— Aim of the task —
Stop after the line holding "Sustainabilitycommunity.com QR code". Repeat exactly every line before it in the records below, that line too, and leave out the pictures.

--- Source information ---

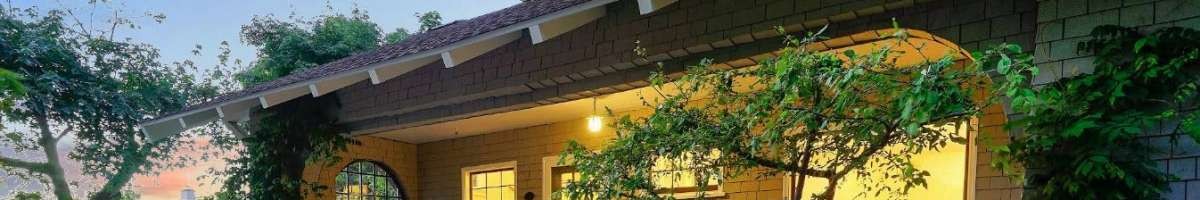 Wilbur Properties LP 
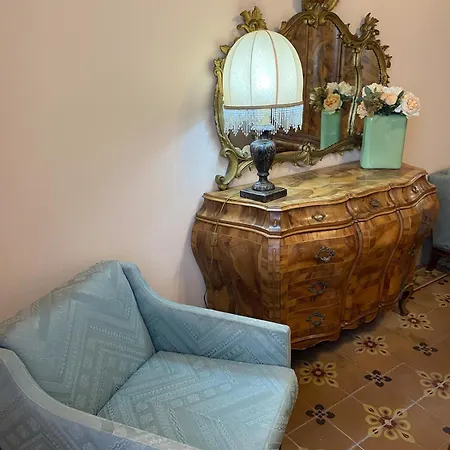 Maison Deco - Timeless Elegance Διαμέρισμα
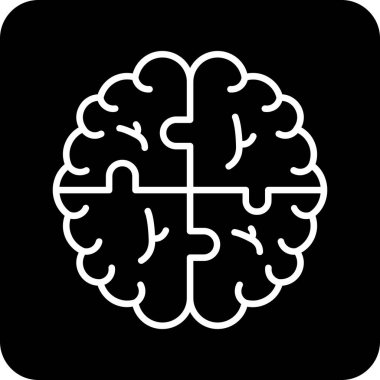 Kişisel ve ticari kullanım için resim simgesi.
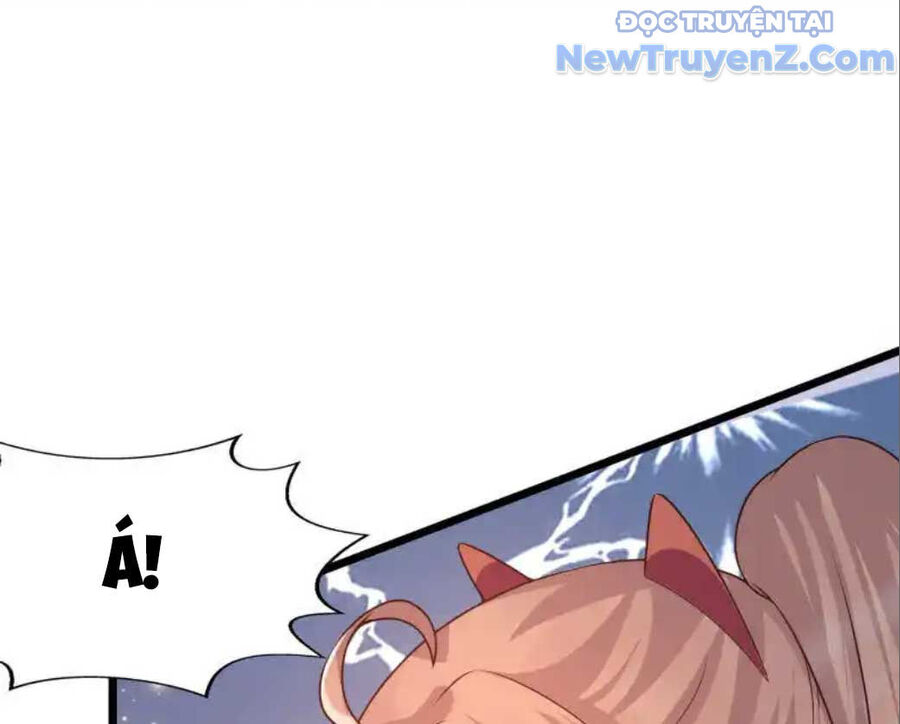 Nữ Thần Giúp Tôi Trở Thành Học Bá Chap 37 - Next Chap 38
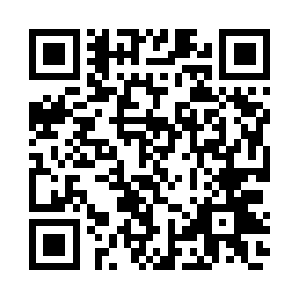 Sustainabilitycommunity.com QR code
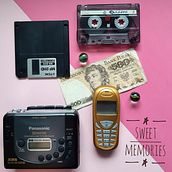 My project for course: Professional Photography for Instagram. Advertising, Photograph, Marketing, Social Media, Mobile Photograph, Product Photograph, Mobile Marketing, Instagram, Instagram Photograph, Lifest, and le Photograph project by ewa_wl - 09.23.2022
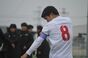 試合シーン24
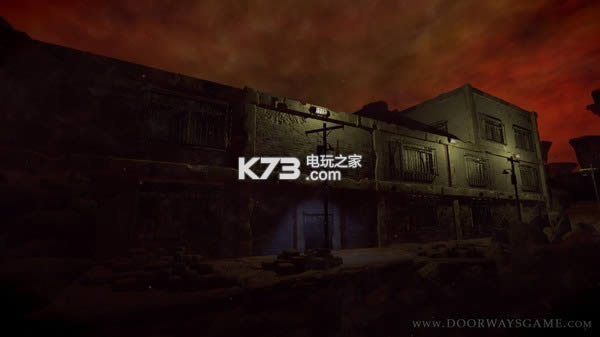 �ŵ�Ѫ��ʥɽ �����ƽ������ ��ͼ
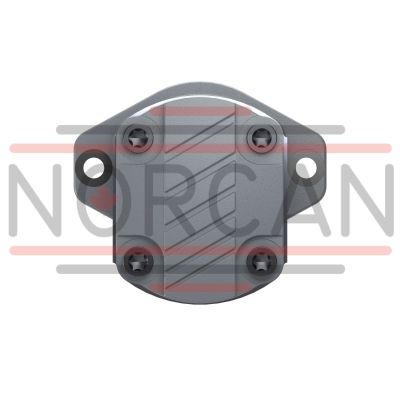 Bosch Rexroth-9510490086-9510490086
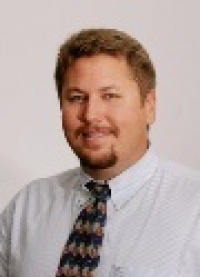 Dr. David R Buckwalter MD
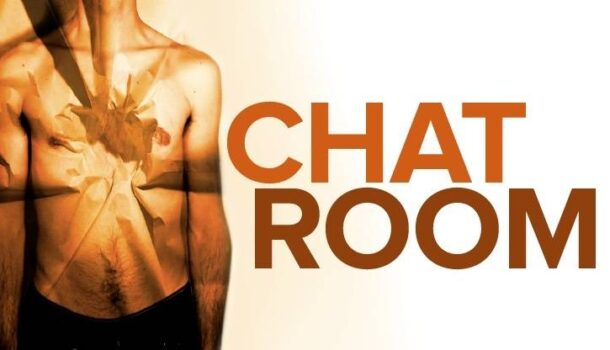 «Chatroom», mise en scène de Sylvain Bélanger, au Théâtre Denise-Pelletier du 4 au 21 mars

---

— Solution to this exercise —
 Wilbur Properties LP 
 Maison Deco - Timeless Elegance Διαμέρισμα
 Kişisel ve ticari kullanım için resim simgesi.
 Nữ Thần Giúp Tôi Trở Thành Học Bá Chap 37 - Next Chap 38
 Sustainabilitycommunity.com QR code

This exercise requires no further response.